Eram sete da noite e o senhor subiu a Av. Paulista à procura de um táxi. Num lance, sem que estivesse pensando nisso, veio-lhe à mente um amigo que morava na Alameda Eugênio de Lima e que não via há vinte anos pelo menos. Contrariando seus hábitos recolhidos resolveu visitá-lo - será que ainda moraria na mesma casa? - e quando se deu conta, tocava a campainha.
Foi recebido com alegria e surpresa; ele e a esposa o fizeram ficar para jantar. Ao saírem da mesa, depois de deliciosas recordações dos velhos tempos, a anfitriã pediu licença para buscar o cafezinho. Foi quando o amigo abaixou a voz e sussurrou-lhe "você nem imagina o bem que nos fez vindo aqui hoje; é aniversário da Silvia (a esposa), mas ela nem mencionou. Com certeza você não soube que a nossa única filha, além dos dois homens, Isabel, morreu num acidente de carro há onze meses. Mesmo casada, morava aqui do lado. Parece que ainda estou vendo a nossa filha entrar por essa porta como fazia todos os anos trazendo rosas vermelhas, as preferidas da mãe e cantando alto o parabéns a você mamãe"

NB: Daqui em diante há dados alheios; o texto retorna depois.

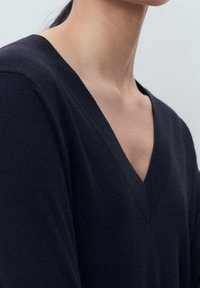 Granatowy sweter z dzianiny z głębokim dekoltem w kształcie litery V, cechujący się miękką fakturą i prostym wzornictwem. Brak widocznych wzorów lub elementów metalowych.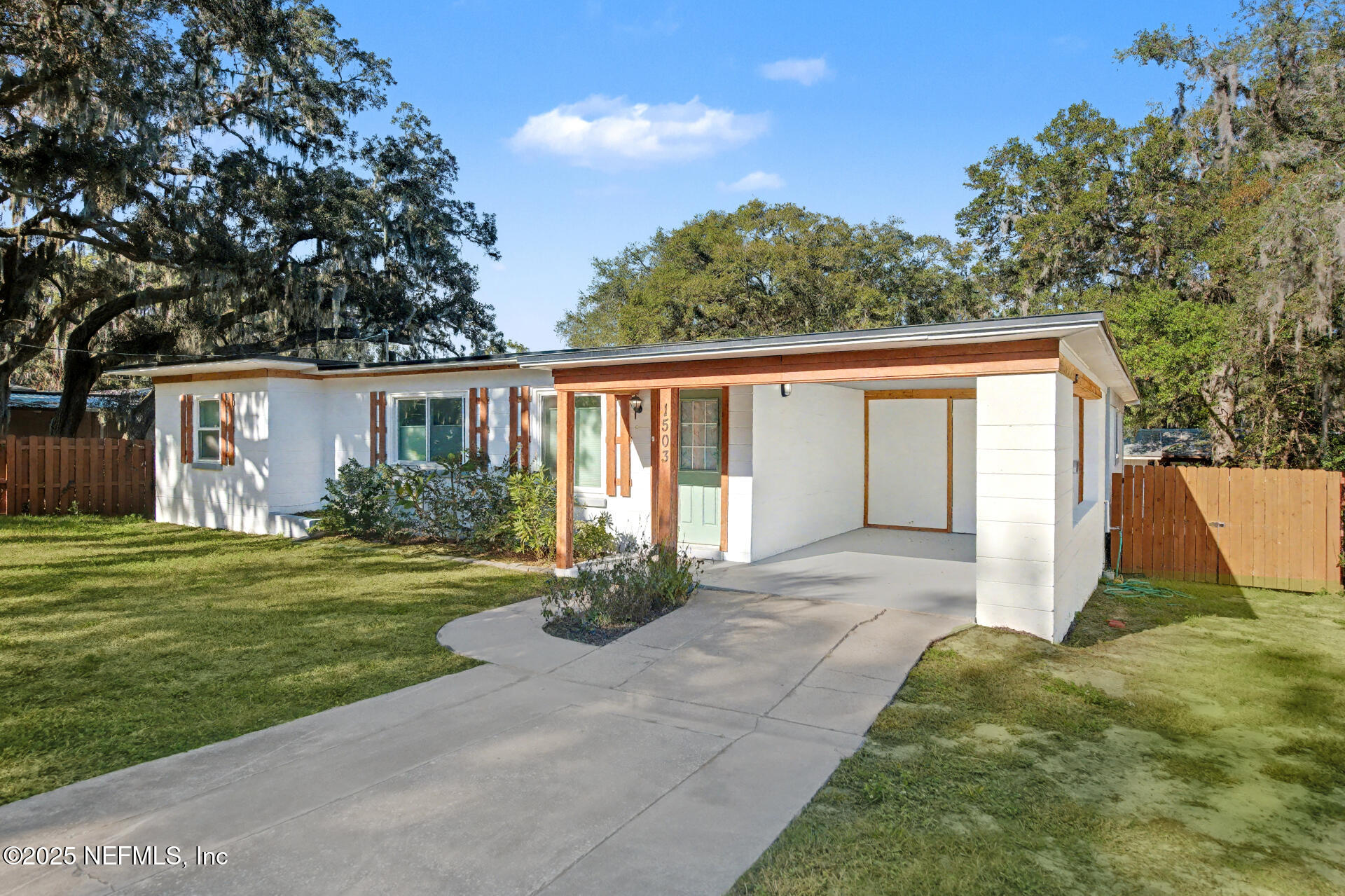 1503 Broome Street Fernandina Beach, FL 32034 - Photo 3 of 38 a view of a house with backyard and garden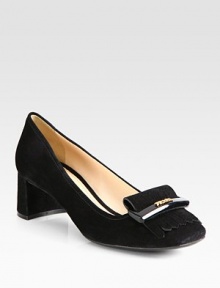 Suede block heel design with hardware and fringe detail. Suede heel, 1¾ (45mm)Suede upperLeather lining and rubber solePadded insoleImported Suede block heel design with hardware and fringe detail. Suede heel, 1¾ (45mm)Suede upperLeather lining and rubber solePadded insoleImported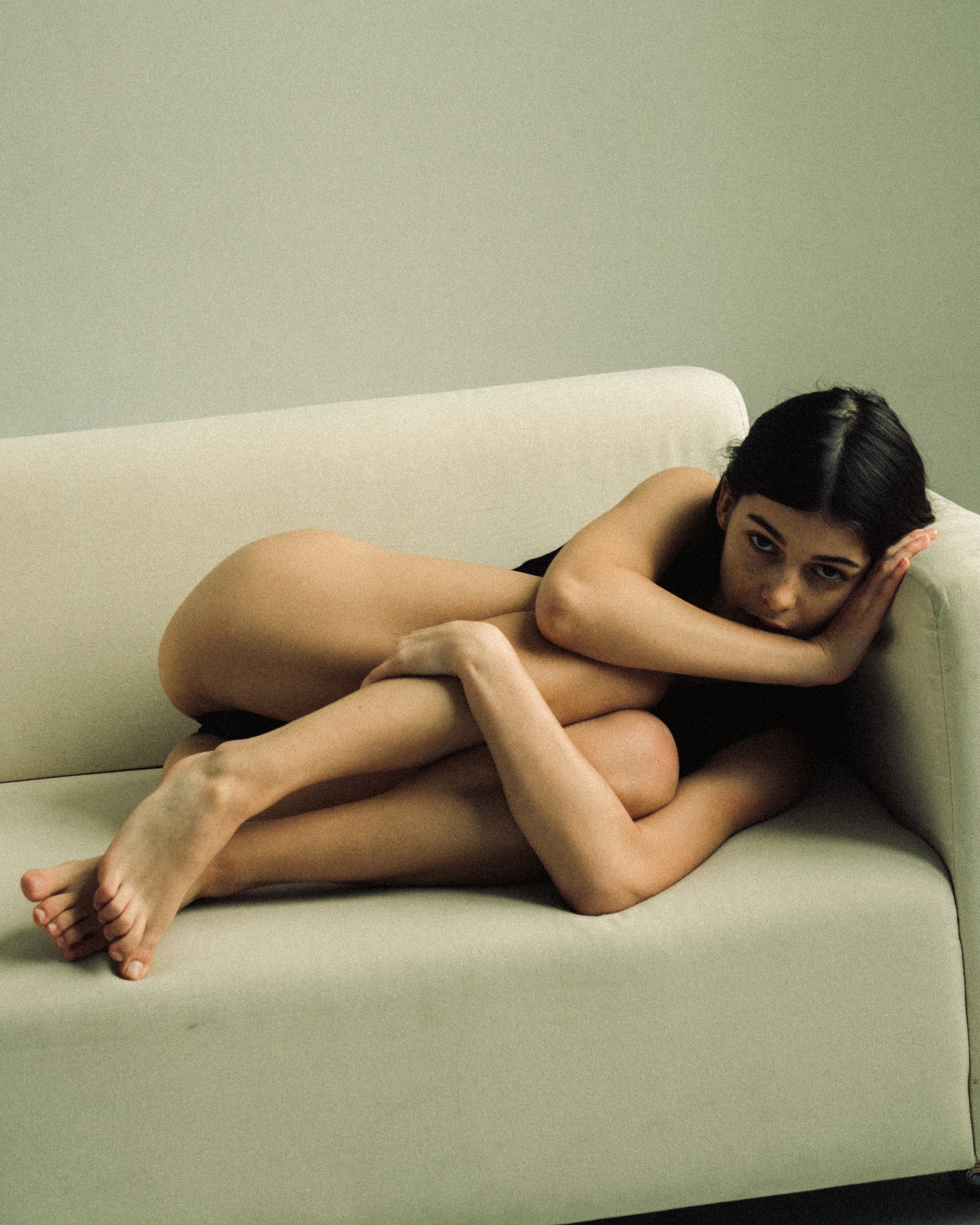 People 1728x2160 Tanya Asmodeus women dark hair black lingerie looking at viewer holding knees whole body holding leg(s) bent legs lying on side on the couch fetal position barefoot lying on couch indoors women indoors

Ele entendeu tudo e com muita emoção relatou ao pai, que não conseguiu conter o choro. Foi uma situação intensa. Tanto é que ele nem quis esperar a volta da senhora. Saiu rápido deixando o momento íntimo para o casal, já que havia sido apenas o veículo portador. Ao sair e passar próximo à mesa em que estava um vaso de rosas, compradas pelo amigo para animar a esposa, tirou o cartão do bolso e deixou-o ao lado. Era o que faltava fazer.